Lockett's prolonged death occurred after the decision to pump the drugs into his body via femoral artery backfired and the product, midazolam, began leaking into his body tissue rather than into his veins.

According to witness statements published by The Tulsa World, the execution chamber was a "bloody mess." One witness said the scene "was like a horror movie" as Lockett bucked and writhed up from the gurney when he was supposed to be unconscious.

The US Court of Appeal described Lockett's execution as a "procedural disaster" and a case involving other Oklahoma death row inmates is to be heard in the US Supreme Court in April.

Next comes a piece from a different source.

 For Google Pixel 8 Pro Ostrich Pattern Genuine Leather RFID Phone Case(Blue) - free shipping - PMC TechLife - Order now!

The paramedic carrying out the procedure told investigators she did not have experience of femoral IVs. The doctor also seemed inexperienced.

When the paramedic informed the doctor that the needles being used appeared to be too short for a femoral IV, the doctor replied: "Well, we'll just have to make it work." When the injection went awry and Lockett, still conscious, began writhing on the gurney, the paramedic went to assist the doctor.

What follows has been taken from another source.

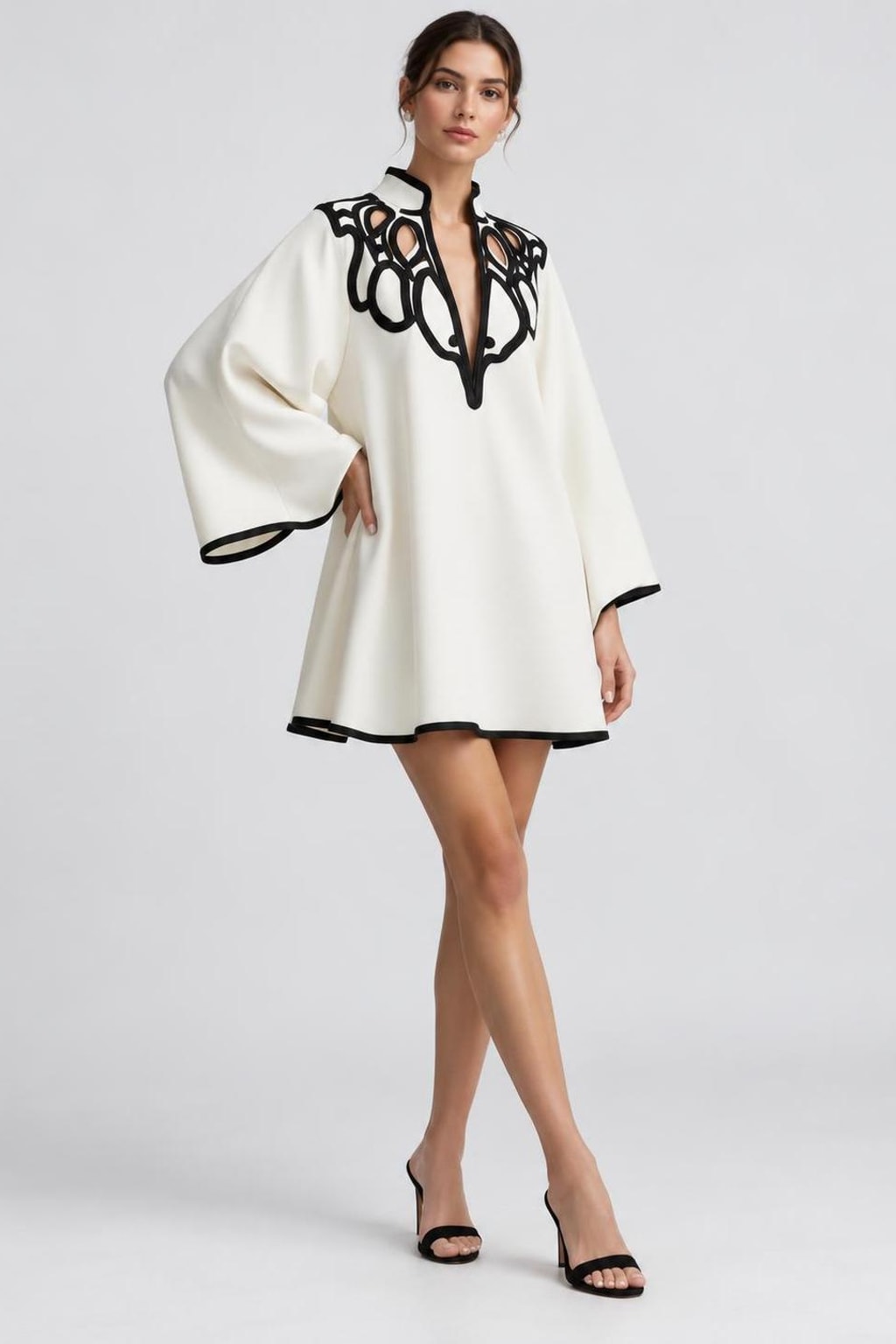 Polyester Blend Mini Dress With Flared Sleeves - 4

The doctor had earlier been upset after being subjected to a security pat down as he entered the prison, according to Warden Anita Trammell, telling her: "I'm just filling in anyway. I was just - I don't even know why I'm even, why I even, you know, agreed to do it." According to other documents released by The Tulsa World, the midazolam doses used in the execution, or the execution scheduled later that day, were also not labelled with the prisoners' names as required.